Wilma Rudolph

Athlete | 1940 - 1994

Sprinter who overcame poverty and polio to win Olympic gold

Few athletes have triumphed over personal adversity to the extent of Wilma Rudolph who died on 12 November, 1994, aged 54.

Born prematurely into a poor black family in segregated Tennessee, Mrs Rudolph was diagnosed with the crippling disease of polio at the age of four.

But she learned to walk with braces, her family helped with the exercises needed to strengthen her muscles and by the age of 12 she could walk unaided.

Eight years later Ms Rudolph won three gold medals at the Rome Olympics and was one of the world’s most celebrated athletes.

Wilma Glodean Rudolph was born on 23 June, 1940, the 20th of 22 children, in Clarksville, Tennessee. Her father worked as a railroad porter and his mother as a servant in wealthy households. Somehow they made ends meet.

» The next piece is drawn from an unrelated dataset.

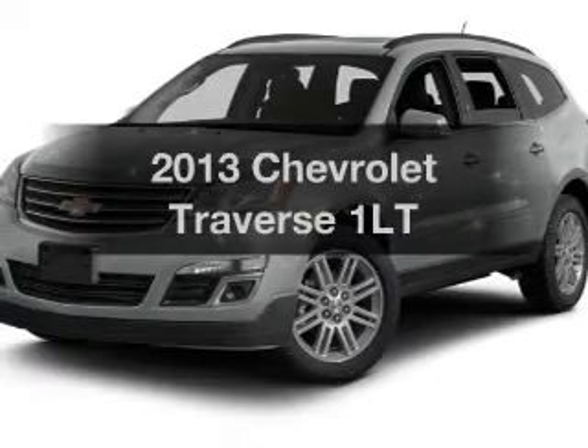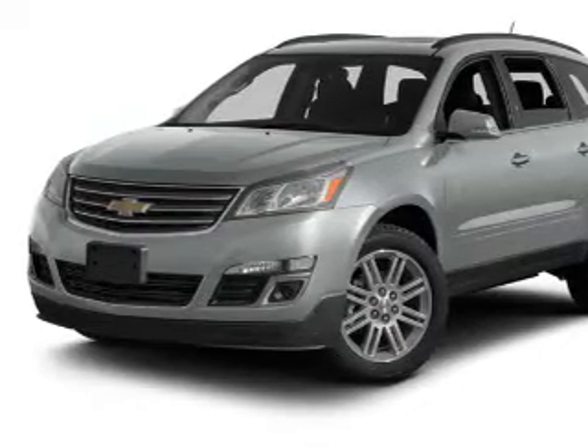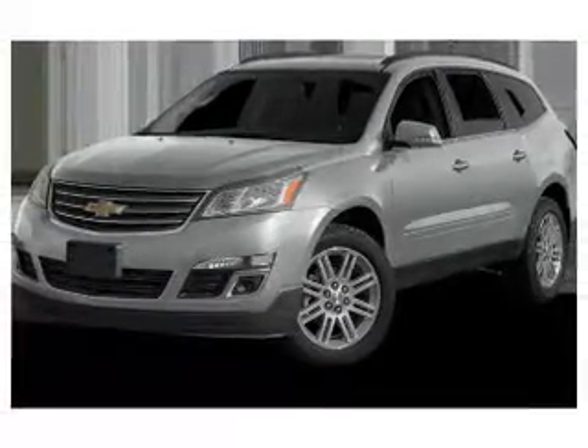Get noticed in this 2013 Chevrolet Traverse. If you're looking for an automobile with great attributes, look no further. The powertrain includes front-wheel drive with a reliable six-cylinder engine that responds smoothly to its six-speed automatic transmission.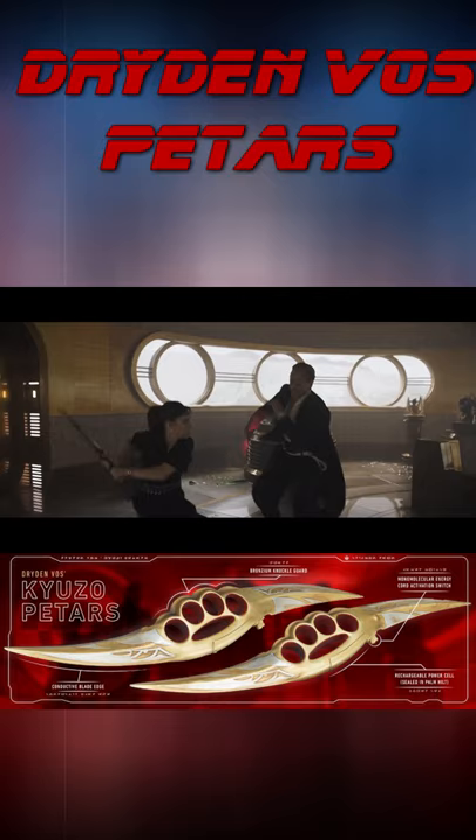When Voss's lieutenant Kira betrays him, she impales Voss with one of his own petters.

Born prematurely she weighed only 4.5lbs at birth and survived measles, mumps, chicken pox and double pneumonia before a doctor diagnosed the wasting in her left leg as polio, a crippling and incurable disease.

The doctor told her mother that she would never walk but Mrs Rudolph did not give up. She could not be treated at the local whites-only hospital so her mother made the 50-mile trip to a hospital for black people twice a week so that Mrs Rudolph could get the treatment she needed.

The hospital visits continued for two years until she learned to walk with a metal brace on her leg. The doctors told her how to do her exercises at home and with the help of her brothers and sisters Mrs Rudolph worked hard at becoming strong and getting better.

Finally at the age of 12 she was able to walk without brace, crutch or corrective shoes. She decided to become an athlete and joined the girls’ basketball team at the all African-American Burt High School.

Playing basketball she came to the attention of Tennessee State track coach, Ed Temple. Mr Temple was an inspirational coach and at the age of 16 Mrs Rudolph made the USA squad for the Melbourne Olympics in 1956 where she won a bronze medal in the 4x100m relay.

At the 1960 Rome Olympics she won a hat-trick of gold medals in the 100m, 200m and 4x100m events, breaking various records along the way. Gracious, softly spoken and beautiful, she became an international sensation overnight.

At her homecoming Ms Rudolph refused to take part in the blacks-only celebration that had been planned and the subsequent parade and banquet was one of the first integrated events that Clarksville had ever seen.

When she retired from athletics Mrs Rudolph became a teacher, track coach and worked occasionally as a sports commentator. She married her childhood sweetheart Robert Eldridge in 1963 and together they had four children.

Mrs Rudolph was voted into the Black Athletes Hall of Fame in 1973 and the National Track and Field Hall of Fame in 1974. One of her own proudest achievements was the founding of the Wilma Rudolph Foundation, a community-based athletics programme.Her athletic achievements in themselves are quite brilliant. That her successes were achieved after overcoming such seemingly overwhelming adversity is the stuff of legend.

She was the role model to a generation of female athletes, black and white. As an athletics coach, Mrs Rudolph outlined her teaching philosophy: “I remind them that triumph can’t be had without the struggle.”